Harry was born in DeLand, FL and prepared for Yale at Eustis High School there.

At Yale, Harry was a member of Davenport, majored in English and was active in the Political Union and WYBC. He was a leader of the Westminster Foundation and the Council of the Yale Christian Community as well as a deacon of Battell Chapel.

Harry obtained his Masters from New York University in 1967 and his Ph.D. in Theology from Hebrew University in Jerusalem.

Dr. Gaylord was later a Professor of Theology at the University of Leiden and the University of Groningen, both in the Netherlands.
It was reported in 1974 that the Rev. Dr. Harry E. Gaylord was executive editor of Compendia Rerum Iudaicarum Ad Novum Testamentum (Compendia on the Jewish Background to the New Testament). This work, intended to cover 10 volumes, the first of which, The Jewish People In The First Century, had just been co-published in Amsterdam by Van Gorcum and Company, and in Philadelphia by the Fortress Press. This project was described as the most comprehensive analysis ever attempted of the history, culture, social and political life, theological concepts and inter-relationships between the Jewish and Christian communities of the first two centuries of the present era. It was done in conjunction with a study of the implications of these findings for modern Jewish-Christian relations by an international group of renowned scholars. Sponsors of the project included the Vatican Secretariat for the Promotion of Christian Unity, the World Council of Churches, the Dutch Reformed Church, the Netherlands Organization for the Advancement of Pure Research, the Prince Bernhard Fund and the Evangelical Church of the Rhineland.

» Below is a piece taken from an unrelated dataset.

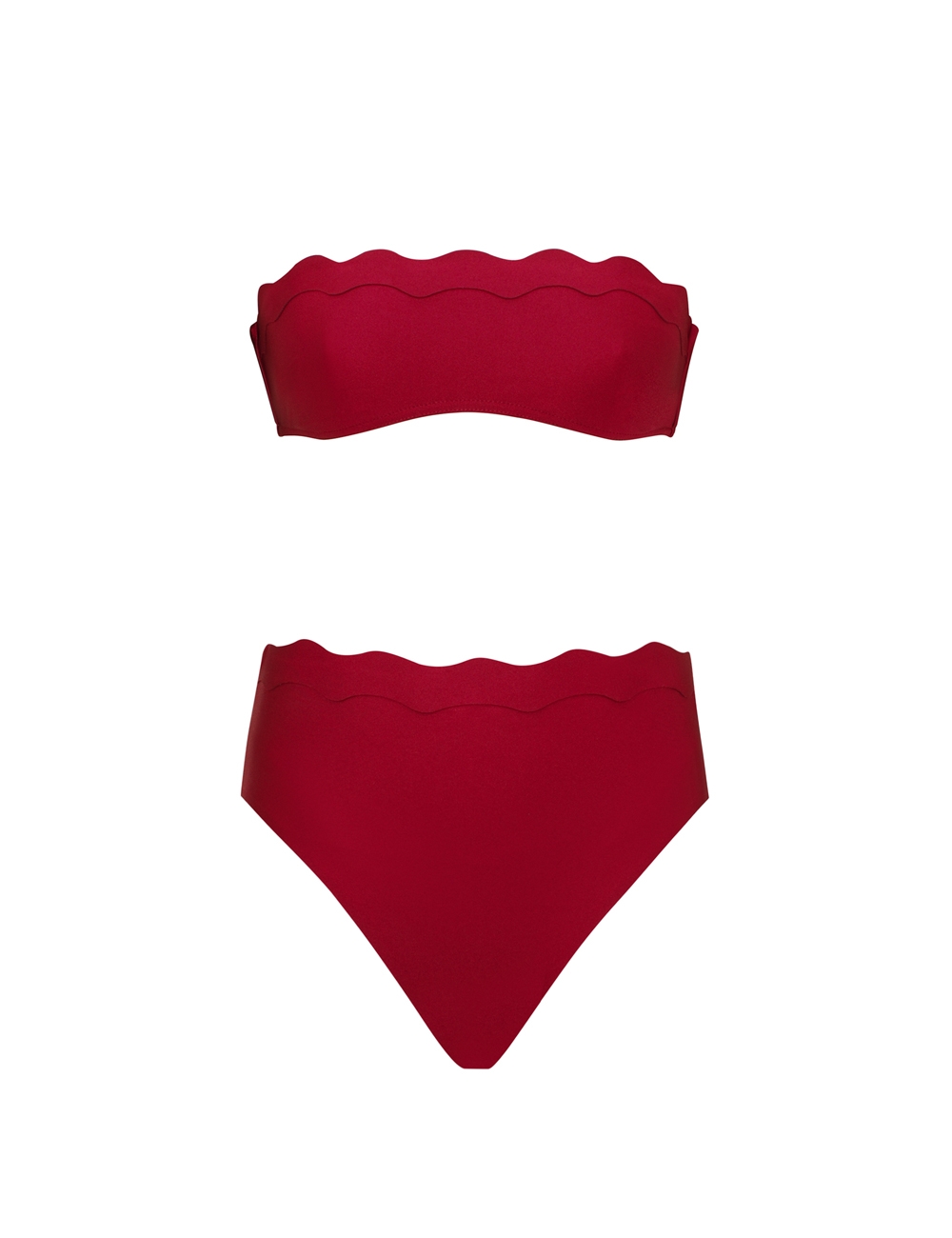 Zimmermann Sundance Wavy Bandeau Bikini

In 1997 Harry retired to Durham, England where he became an Honorary Fellow of the Theological Department at the University of Durham in the United Kingdom.

Harry died November 20, 2006, survived by his wife, Alexandra, whom he married on New Year’s Eve,1977, and by two children, Benjamin Gould and Tamer Crosby Adamowicz.

Dodd Fischer remembers: Harry was a noble man, always considerate, who studied religion and earned his Ph.D., and contributed in many ways to mankind, in the U.S., then overseas, finally settling in Durham, England, where he died, disheartened.

William Patton remembers: Harry lived in the same entry way in Davenport. He was among the most sociable people I ever knew. He sat every evening in a big armchair near the corridor with his door open so that anyone going upstairs would look in. Quick greetings usually turned into long conversations.